Ramayee and her husband have taken on lease an acre and a half of land and grow seasonal vegetables and flowers year-round to earn a living. Her husband is disabled and supervises work on the land and when required, he hires seasonal labor. They have received two loans from Sharana’s Social Entrepreneurship Program so far, one was to buy a cow and the other was to pay the annual lease amount. This obviously struck me as odd, because Sharana loans are rarely given to relieve debt of the beneficiary. But then agriculture isn’t like any other business plan we fund or boost. There is many a slip between sowing and reaping. Devastating floods a few years ago meant that the entire crop was washed off as was any return on investment.
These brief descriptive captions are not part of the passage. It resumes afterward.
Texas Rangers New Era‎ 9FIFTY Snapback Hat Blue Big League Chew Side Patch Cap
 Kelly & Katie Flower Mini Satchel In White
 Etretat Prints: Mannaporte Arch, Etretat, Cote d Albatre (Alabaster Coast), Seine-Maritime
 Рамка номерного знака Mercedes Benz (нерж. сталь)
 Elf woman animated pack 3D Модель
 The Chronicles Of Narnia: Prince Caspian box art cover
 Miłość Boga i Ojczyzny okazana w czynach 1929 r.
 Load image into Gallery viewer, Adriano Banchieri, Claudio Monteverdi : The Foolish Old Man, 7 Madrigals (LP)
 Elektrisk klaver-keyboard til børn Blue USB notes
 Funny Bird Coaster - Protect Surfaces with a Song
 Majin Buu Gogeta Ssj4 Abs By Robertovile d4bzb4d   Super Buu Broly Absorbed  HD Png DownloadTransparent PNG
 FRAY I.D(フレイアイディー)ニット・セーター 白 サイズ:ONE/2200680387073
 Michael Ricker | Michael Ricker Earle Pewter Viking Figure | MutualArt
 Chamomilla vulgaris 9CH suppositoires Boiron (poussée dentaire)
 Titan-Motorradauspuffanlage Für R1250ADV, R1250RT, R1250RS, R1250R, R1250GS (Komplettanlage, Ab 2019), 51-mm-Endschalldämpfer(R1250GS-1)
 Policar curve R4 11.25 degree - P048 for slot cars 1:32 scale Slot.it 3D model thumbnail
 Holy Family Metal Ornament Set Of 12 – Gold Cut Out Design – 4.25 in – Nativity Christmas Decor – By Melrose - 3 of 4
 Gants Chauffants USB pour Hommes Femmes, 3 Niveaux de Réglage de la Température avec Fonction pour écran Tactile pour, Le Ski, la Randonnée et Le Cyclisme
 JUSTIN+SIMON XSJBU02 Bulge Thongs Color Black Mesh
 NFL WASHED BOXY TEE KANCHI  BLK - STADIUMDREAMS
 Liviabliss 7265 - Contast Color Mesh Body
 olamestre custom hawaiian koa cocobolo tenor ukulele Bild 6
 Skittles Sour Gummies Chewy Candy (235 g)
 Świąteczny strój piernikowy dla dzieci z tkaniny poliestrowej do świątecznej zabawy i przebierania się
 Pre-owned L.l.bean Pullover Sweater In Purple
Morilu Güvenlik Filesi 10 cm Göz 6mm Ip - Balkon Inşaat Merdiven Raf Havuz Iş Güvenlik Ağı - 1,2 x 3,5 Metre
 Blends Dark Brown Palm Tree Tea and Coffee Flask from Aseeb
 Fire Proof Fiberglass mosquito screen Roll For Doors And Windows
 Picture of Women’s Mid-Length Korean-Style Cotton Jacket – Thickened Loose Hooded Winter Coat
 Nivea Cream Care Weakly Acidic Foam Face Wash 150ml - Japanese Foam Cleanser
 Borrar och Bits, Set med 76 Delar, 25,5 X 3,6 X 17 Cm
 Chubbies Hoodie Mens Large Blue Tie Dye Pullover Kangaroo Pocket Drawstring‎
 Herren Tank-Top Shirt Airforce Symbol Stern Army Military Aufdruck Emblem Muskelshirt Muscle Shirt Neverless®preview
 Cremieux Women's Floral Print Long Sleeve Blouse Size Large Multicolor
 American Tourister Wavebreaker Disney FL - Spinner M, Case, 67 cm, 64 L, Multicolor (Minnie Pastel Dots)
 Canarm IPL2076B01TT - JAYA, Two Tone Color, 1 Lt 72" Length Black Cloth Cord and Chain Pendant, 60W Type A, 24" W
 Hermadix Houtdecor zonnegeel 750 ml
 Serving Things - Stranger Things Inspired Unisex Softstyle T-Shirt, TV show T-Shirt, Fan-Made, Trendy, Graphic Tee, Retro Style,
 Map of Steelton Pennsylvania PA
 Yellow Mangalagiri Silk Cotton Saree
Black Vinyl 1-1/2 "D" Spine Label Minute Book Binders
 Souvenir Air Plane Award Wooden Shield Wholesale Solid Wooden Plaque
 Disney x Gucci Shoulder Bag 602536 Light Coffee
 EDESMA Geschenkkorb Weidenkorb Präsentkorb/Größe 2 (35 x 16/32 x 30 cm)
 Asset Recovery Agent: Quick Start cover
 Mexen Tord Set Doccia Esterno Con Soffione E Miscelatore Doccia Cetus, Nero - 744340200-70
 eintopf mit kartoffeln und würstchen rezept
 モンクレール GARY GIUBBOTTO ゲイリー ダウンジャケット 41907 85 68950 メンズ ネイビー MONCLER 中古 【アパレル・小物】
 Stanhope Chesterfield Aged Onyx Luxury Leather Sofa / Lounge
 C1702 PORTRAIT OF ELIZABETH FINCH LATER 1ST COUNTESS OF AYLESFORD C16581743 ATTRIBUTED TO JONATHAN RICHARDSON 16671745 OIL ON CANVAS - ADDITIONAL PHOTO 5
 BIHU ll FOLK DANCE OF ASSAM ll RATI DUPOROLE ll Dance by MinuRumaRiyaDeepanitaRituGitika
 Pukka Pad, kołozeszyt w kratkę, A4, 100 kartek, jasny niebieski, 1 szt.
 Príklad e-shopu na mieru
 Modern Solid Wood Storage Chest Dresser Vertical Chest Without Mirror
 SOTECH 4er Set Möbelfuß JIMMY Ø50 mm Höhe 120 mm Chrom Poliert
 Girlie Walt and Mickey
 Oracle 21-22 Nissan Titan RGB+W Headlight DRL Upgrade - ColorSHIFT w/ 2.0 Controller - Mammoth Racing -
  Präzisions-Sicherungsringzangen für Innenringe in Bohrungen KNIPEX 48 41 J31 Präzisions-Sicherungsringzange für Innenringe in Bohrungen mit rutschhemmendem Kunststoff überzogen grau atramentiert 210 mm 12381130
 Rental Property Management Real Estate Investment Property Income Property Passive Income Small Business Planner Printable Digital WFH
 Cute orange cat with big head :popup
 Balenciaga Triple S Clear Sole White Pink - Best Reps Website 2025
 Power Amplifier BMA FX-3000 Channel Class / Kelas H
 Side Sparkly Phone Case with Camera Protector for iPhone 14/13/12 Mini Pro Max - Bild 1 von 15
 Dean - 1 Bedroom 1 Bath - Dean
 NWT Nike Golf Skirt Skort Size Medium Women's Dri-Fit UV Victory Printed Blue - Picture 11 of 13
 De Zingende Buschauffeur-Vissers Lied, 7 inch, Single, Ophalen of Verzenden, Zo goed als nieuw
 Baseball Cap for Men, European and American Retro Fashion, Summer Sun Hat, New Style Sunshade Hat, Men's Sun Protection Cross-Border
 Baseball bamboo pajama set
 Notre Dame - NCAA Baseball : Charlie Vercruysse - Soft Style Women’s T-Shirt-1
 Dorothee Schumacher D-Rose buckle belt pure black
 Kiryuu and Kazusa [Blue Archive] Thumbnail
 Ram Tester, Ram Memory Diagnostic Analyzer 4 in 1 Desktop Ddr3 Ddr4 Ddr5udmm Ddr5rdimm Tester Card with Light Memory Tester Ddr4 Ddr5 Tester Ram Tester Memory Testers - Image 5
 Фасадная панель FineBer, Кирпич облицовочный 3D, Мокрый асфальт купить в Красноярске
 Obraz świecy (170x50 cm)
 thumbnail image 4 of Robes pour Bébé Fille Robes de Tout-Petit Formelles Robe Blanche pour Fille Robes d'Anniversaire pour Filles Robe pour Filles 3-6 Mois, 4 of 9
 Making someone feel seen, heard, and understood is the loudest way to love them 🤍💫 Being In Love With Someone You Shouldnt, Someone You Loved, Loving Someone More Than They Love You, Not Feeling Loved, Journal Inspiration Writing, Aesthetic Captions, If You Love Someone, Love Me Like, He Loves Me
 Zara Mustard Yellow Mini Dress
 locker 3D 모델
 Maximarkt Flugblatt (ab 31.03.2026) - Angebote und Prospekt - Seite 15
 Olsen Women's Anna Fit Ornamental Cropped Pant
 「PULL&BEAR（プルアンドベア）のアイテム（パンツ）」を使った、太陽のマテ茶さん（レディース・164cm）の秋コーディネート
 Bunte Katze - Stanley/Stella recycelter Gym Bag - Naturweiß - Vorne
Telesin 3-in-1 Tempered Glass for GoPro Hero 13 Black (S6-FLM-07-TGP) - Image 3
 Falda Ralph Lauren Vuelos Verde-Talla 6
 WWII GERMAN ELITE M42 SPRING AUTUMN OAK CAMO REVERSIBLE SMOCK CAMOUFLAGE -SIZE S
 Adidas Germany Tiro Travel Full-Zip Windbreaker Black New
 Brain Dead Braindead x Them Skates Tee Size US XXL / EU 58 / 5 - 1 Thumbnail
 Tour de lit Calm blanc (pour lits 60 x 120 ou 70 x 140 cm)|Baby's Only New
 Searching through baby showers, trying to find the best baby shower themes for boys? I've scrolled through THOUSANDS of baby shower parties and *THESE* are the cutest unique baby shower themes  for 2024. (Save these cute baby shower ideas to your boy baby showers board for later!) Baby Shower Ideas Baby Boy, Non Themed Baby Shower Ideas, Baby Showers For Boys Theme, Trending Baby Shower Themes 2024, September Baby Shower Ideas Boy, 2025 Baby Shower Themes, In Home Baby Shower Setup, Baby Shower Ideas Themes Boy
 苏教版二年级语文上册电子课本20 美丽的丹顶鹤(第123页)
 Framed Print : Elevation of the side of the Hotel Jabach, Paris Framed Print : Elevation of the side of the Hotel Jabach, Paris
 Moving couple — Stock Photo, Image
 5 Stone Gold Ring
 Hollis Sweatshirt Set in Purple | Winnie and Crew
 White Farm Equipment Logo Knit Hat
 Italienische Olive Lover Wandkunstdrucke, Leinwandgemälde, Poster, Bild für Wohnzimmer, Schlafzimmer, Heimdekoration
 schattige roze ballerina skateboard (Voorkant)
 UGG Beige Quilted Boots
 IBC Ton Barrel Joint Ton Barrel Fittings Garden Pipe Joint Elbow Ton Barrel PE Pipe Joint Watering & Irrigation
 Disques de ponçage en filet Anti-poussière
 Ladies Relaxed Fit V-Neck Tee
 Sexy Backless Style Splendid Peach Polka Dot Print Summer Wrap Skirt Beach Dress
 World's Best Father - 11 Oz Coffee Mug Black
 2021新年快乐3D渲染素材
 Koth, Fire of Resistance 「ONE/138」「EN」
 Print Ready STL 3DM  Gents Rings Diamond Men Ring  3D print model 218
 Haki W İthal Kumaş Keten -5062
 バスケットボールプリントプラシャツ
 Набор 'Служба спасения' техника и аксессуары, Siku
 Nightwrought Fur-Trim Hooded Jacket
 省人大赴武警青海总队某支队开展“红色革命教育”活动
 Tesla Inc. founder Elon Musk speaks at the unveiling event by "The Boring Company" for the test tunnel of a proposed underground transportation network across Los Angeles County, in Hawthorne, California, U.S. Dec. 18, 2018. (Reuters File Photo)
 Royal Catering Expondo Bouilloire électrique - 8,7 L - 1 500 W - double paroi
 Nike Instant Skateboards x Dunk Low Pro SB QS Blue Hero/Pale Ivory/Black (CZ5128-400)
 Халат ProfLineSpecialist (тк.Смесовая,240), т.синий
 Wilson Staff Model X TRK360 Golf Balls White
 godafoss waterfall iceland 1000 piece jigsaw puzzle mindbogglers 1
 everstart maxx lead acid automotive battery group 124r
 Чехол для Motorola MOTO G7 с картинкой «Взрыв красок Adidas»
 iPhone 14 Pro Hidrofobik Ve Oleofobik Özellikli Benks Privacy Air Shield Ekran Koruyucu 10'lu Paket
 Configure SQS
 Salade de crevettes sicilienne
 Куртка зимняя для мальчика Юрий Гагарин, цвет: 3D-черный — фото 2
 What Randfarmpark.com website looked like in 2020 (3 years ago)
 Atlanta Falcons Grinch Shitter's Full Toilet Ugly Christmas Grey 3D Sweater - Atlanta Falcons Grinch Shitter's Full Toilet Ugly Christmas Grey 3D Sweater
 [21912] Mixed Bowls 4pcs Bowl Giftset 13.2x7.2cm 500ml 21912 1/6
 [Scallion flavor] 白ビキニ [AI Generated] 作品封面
The cattle loan ensures at minimum a steady income after expenses are paid for. For agriculture, the plot of land is divided into two separate types of plantations. One section has a systematic relentless rotation of seasonal vegetables such as bottle gourd, brinjal, cluster beans, cucumber, and ground nut. Field preparations, sowing at the right time, irrigating the plots, timely harvest and sale have to be synchronized to a perfect rhythm.  Those of us who buy fresh vegetables know the shelf life of everything we purchase and how some vegetables are eaten raw, some ripe and some somewhere in between. As consumers we procure our produce from stalls knowing quite well the order of consumption, we have refrigerators to store and freezers to preserve. Now spare a thought just for a moment for the farmer and the pressures of precise timing of harvest and transport. Okra, for example, is inedible even one extra day unharvested, while some others may have more leeway but all in all it is constant touch and go. To that one can add the vagaries of unseasonal rain or drought and availability of hired labor.

The second crop is a tube rose plantation. This is five months of work and a twenty day harvest window where income jumps to 2000-3000 a day. These 20 days are crucial bulk income days that make up for the months of irrigation, manuring and pest control.

“This is hard work, have you ever thought of doing something less taxing? More predictable in terms of income?” I ask Ramayee.

“No, never”

And that is how you actually explain the connection a farmer has with his land and his animals. The work is relentless, for the marginal farmer land holdings are small and the rotation of crops and crop cycles merciless in their rhythm and vital for subsistence. Whether rain-fed or irrigated, both come with their risks, but the farmer doesn’t give up on his land. Mother Earth is what nourishes them.

There is no explanation for this life choice. It is something that the rest of us should be grateful for when we nourish ourselves. And spare a thought for them when we welcome an unseasonal shower, and enjoy water supply from municipal pipelines filing our sumps and water tanks with bankable assurance. Some place away from our urban centers there toil a brood of men and women so the world eats.